▸ Description of the task:
Output the data below exactly as it is, dropping the pictures from your copy.
=== Collected data ===
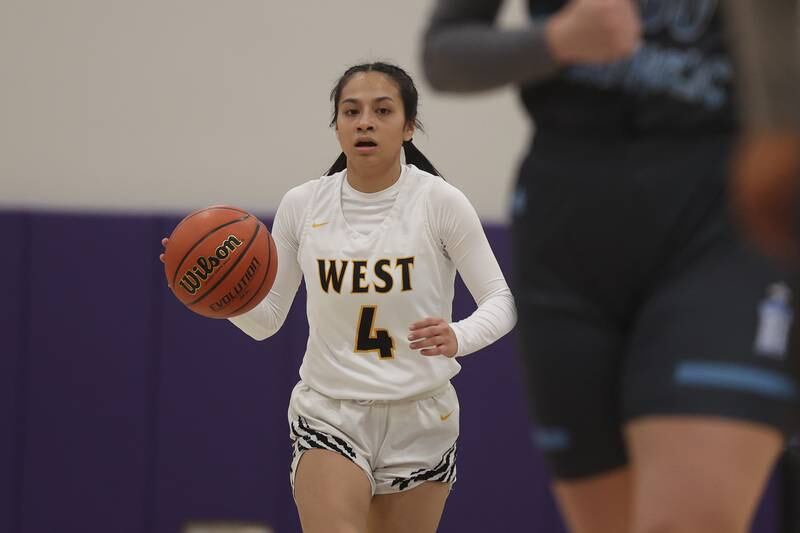 Joliet West’s Christina Keoborakot works the ball up court against Joliet Catholic in the WJOL Basketball Tournament at Joliet Junior College Event Center on Monday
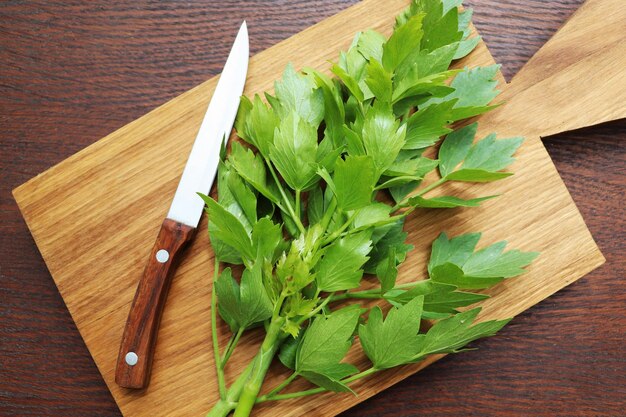 Foglie verdi fresche di lovage o Levisticum officinale su un tavolo da taglio di legno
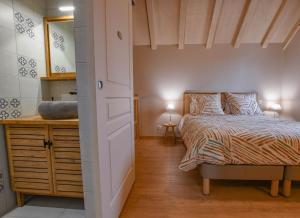 a bedroom with a bed and a dresser with a mirror at La ferm'hier in Balnot-sur-Laignes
===
▸ The answer:
 Joliet West’s Christina Keoborakot works the ball up court against Joliet Catholic in the WJOL Basketball Tournament at Joliet Junior College Event Center on Monday
 Foglie verdi fresche di lovage o Levisticum officinale su un tavolo da taglio di legno
 a bedroom with a bed and a dresser with a mirror at La ferm'hier in Balnot-sur-Laignes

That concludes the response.